START Data for analysis
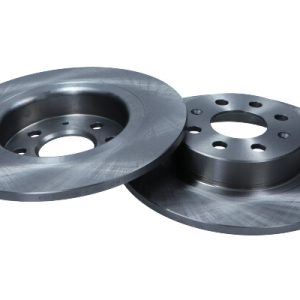 Disc frana OPEL ADAM (M13) 1.4 LPG Benzina/Autogaz (GPL) 87 cai MAXGEAR 19-2500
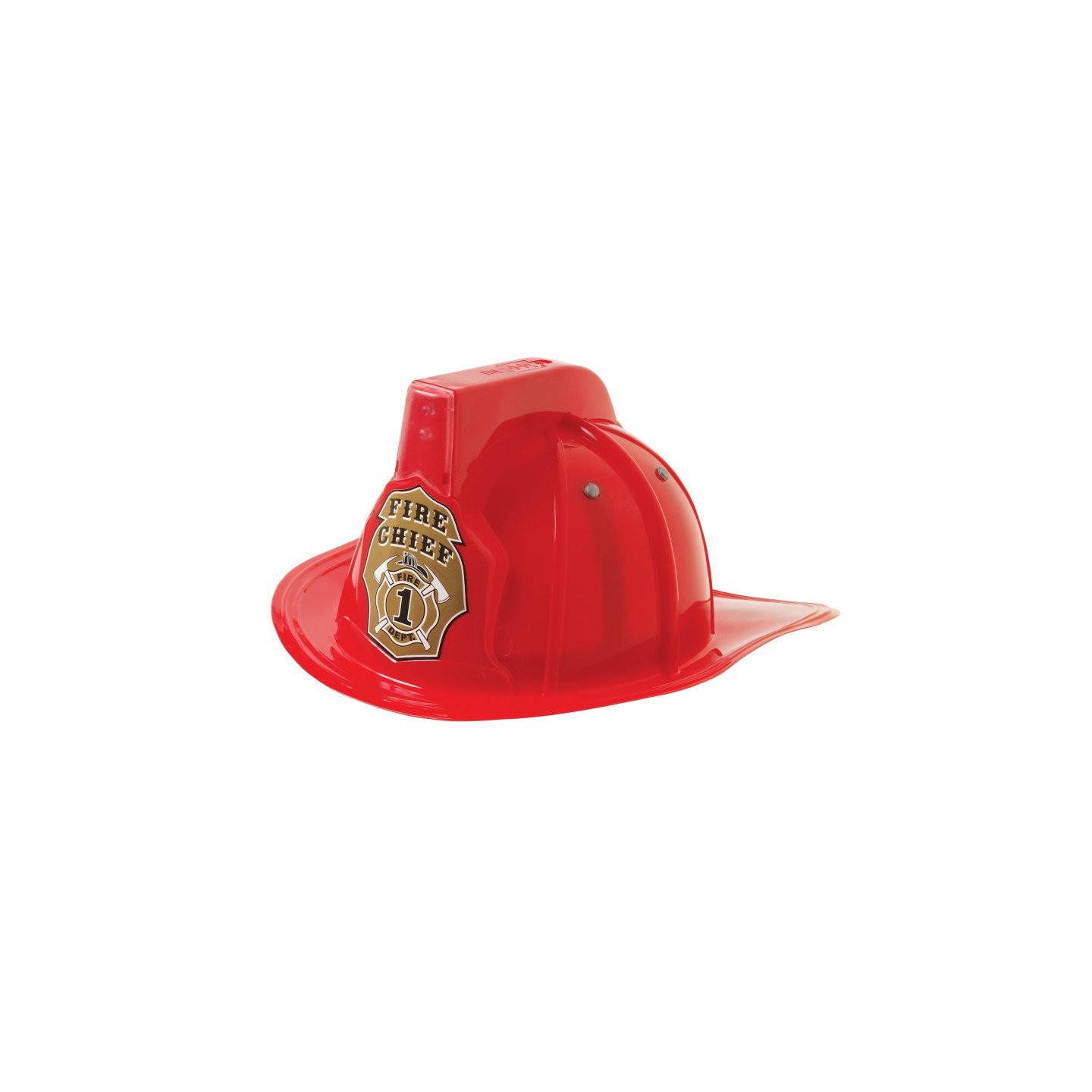 Small World Toys Ryan's Room® Fireman Helmet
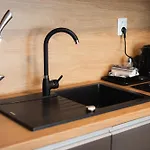 Apartmán Centrum Banska Bystrica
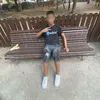 omarvlc_011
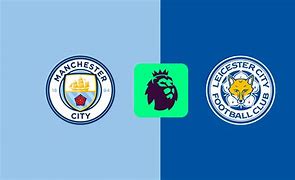 赛前纽卡斯尔调整名单以备葡超哈兰德迎来十赛季高光表现，费德勒连续三场比赛得分超过精彩发挥看傻球迷的简单介绍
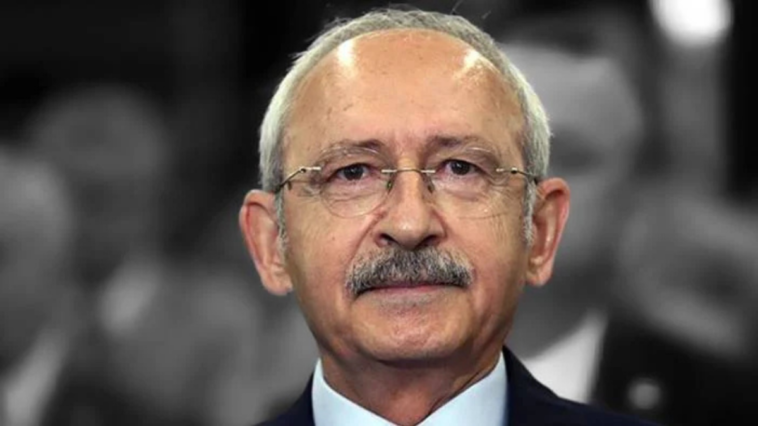 Kılıçdaroğlu için istenen 'Zorla getirme' kararı kaldırıldı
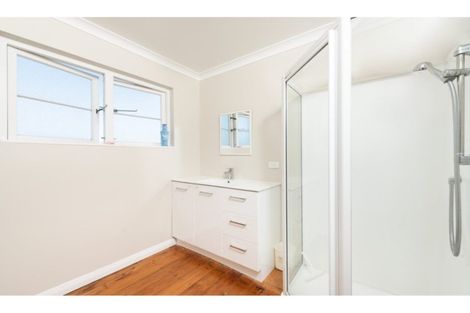 Photo of property in 475a Maunganui Road, Mount Maunganui, 3116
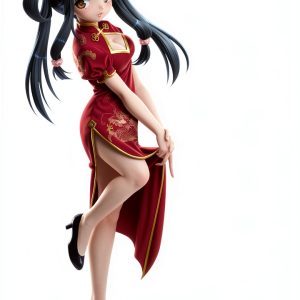 Sex Plugin Japanese Kindle eBook by Amazon Action Adventure Novel-0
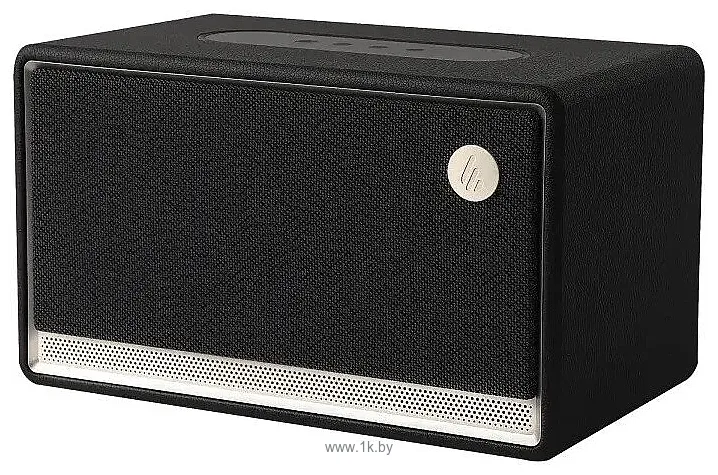 Фотографии Edifier ES300 Фотографии Edifier ES300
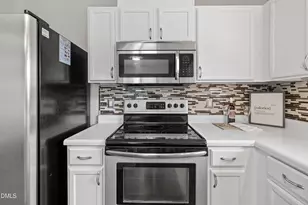 741 Obsidian Way, Durham, NC 27703 - Photo 26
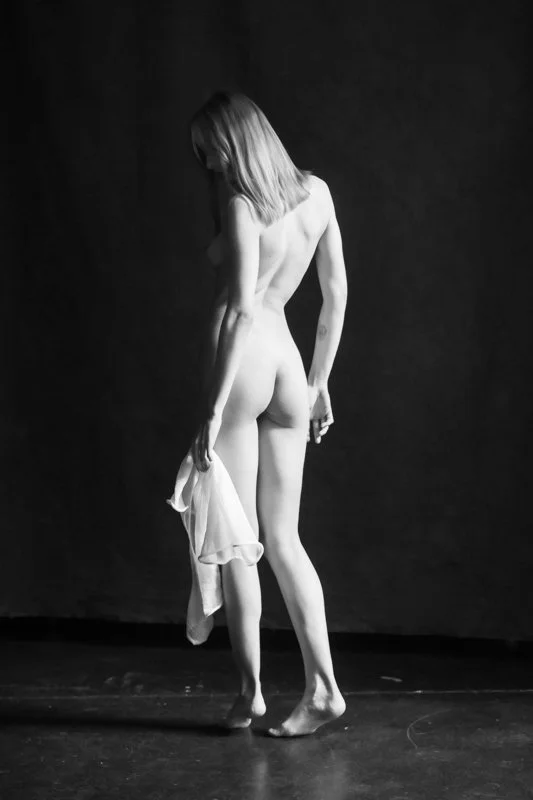 DSC_0104_WebFB.jpg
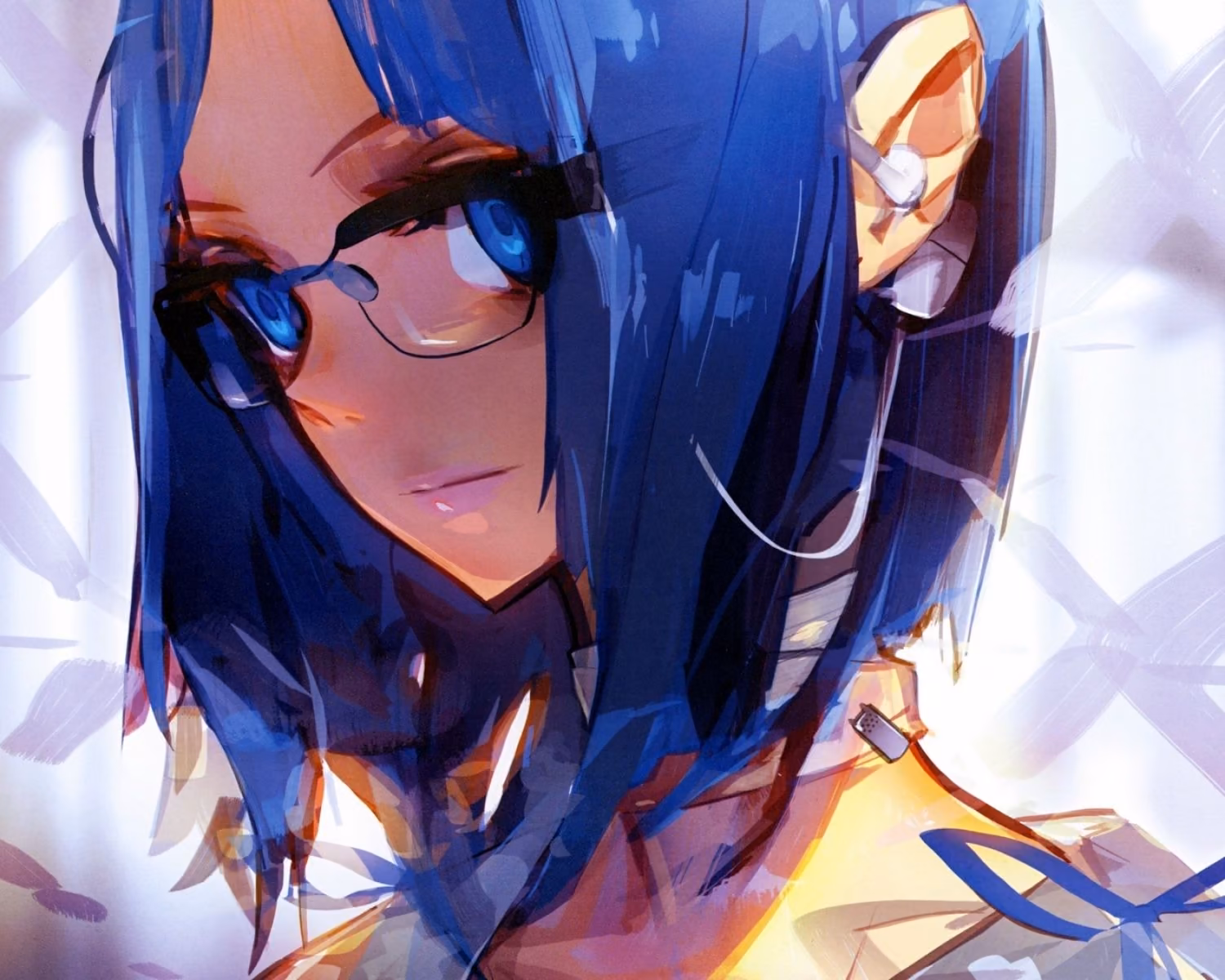d98a4362dd67e77268e07d5ca8fbc0db.jpg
END Data for analysis
=== Exercise description ===
Only what runs from the line holding "741 Obsidian Way, Durham, NC" through the end of the entries above is to be given again, exactly, with every picture omitted.

=== Solution ===
 741 Obsidian Way, Durham, NC 27703 - Photo 26
 DSC_0104_WebFB.jpg
d98a4362dd67e77268e07d5ca8fbc0db.jpg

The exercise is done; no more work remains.